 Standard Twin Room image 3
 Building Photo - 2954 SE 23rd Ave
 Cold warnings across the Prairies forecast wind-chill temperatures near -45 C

______________________________

• [PROBLEM TO SOLVE]:
Repeat the data in full, matching each line exactly.

• [OUTPUT OF THE EXERCISE]:
 Standard Twin Room image 3
 Building Photo - 2954 SE 23rd Ave
 Cold warnings across the Prairies forecast wind-chill temperatures near -45 C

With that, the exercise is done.